UNITED STATES DISTRICT COURT EASTERN DISTRICT OF NEW YORK
July 13, 2012
DANIEL GAFFNEY, PLAINTIFF,
THE CITY OF NEW YORK, NEW YORK CITY POLICE DEPARTMENT, JAMES PISCOPO, LLOYD GREGORY, LT. MICHAEL HOTALING, AND JOHN AND JANE DOE 1 THROUGH 10, INDIVIDUALLY AND IN THEIR OFFICIAL CAPACITIES, DEFENDANTS.
The opinion of the court was delivered by: Margo K. Brodie, United States District Judge:
MEMORANDUM & ORDER
Plaintiff Daniel Gaffney brings the above-captioned action pursuant to 42 U.S.C. § 1983 against the City of New York, New York City Police Department, and Police Officers James Piscopo, Lloyd Gregory, Michael Hotaling and John and Jane Doe 1 through 10. Plaintiff alleges that his rights under the Fourth and Fourteenth Amendments were violated when Defendants caused or failed to prevent the use of excessive force on Plaintiff.
A jury trial was held on January 30 and 31, 2012 before Judge Townes.*fn1 During the course of Defendants' cross-examination of Plaintiff, defense counsel asked Plaintiff certain questions regarding a subsequent arrest that directly violated a prior ruling by Judge Townes. Id. at 310--11. Plaintiff's counsel objected to the questioning and Judge Townes sustained the objection. Id. at 311. At the conclusion of Plaintiff's testimony, Plaintiff rested his case. Id. at 314. Outside the presence of the jury, Plaintiff once again voiced his objection to the questioning by defense counsel. Id. at 314--15. Judge Townes noted Plaintiff's objection but took no further action. Id. at 315. Defendants then moved for a judgment as a matter of law pursuant to Rule 50 of the Federal Rules of Civil Procedure, dismissing Plaintiff's Monell claim as well as his claims against Defendants Lloyd Gregory and James Piscopo. Id. at 316--18. Judge Townes granted Defendants' motion. Id. Defendants then rested their case. Id. at 320-- 21. When court reconvened the next day, Judge Townes stated that, after reviewing the trial transcript, she found that defense counsel violated her order with regard to the questioning of Plaintiff. Id. at 331. After a discussion with the parties, Judge Townes granted Plaintiff's motion for a mistrial. Id. at 355. A new trial was scheduled for Plaintiff's remaining claims, and a judgment was entered in favor of Defendants City of New York, Gregory and Piscopo.

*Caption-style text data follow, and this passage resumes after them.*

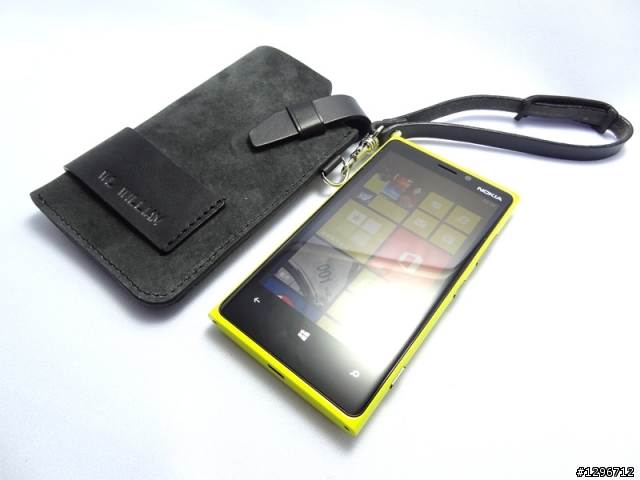 【幸福】滿意到溢出來了~Nokia Lumia 920小小開箱文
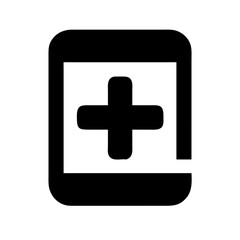 Medicine icon vector illustration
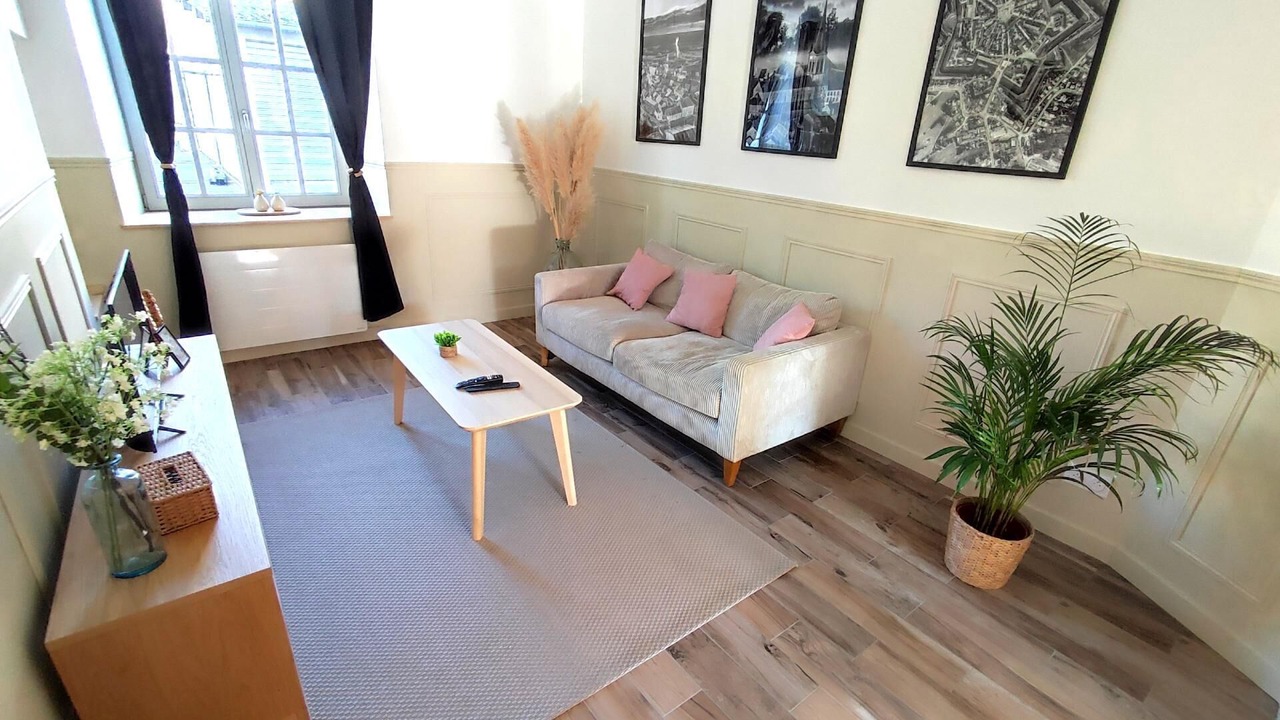 Photo of Livingroom in Rocroi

Defendants then moved for costs pursuant to Rule 54 of the Federal Rules of Civil Procedure. (Docket No. 41, Def. Bill of Costs.) Defendants sought $2,886.50 but the Clerk of Court only awarded $215.80. (Apr. 5, 2012, Costs Taxed.) The Clerk did not allow costs for the daily transcripts, citing the "short length of trial and small number of witnesses." Id. Defendants now appeal the Clerk of Court's award.
"A district court reviews the clerk's taxation of costs by exercising its own discretion to decide the cost question itself." Whitfield v. Scully, 241 F.3d 264,269 (2d Cir. 2001) (internal citations, quotation marks and alterations omitted). Under Rule 54, an award of costs against the losing party is the "normal rule," and "the losing party has the burden to show that costs should not be imposed." Whitfield, 241 F.3d at270. A court in its discretion may deny costs because of, among other things, "misconduct by the prevailing party, the public importance of the case, the difficulty of the issues, or the losing party's limited financial resources." Id. Where a prevailing party is denied costs, the court "must articulate its reasons for doing so." Id.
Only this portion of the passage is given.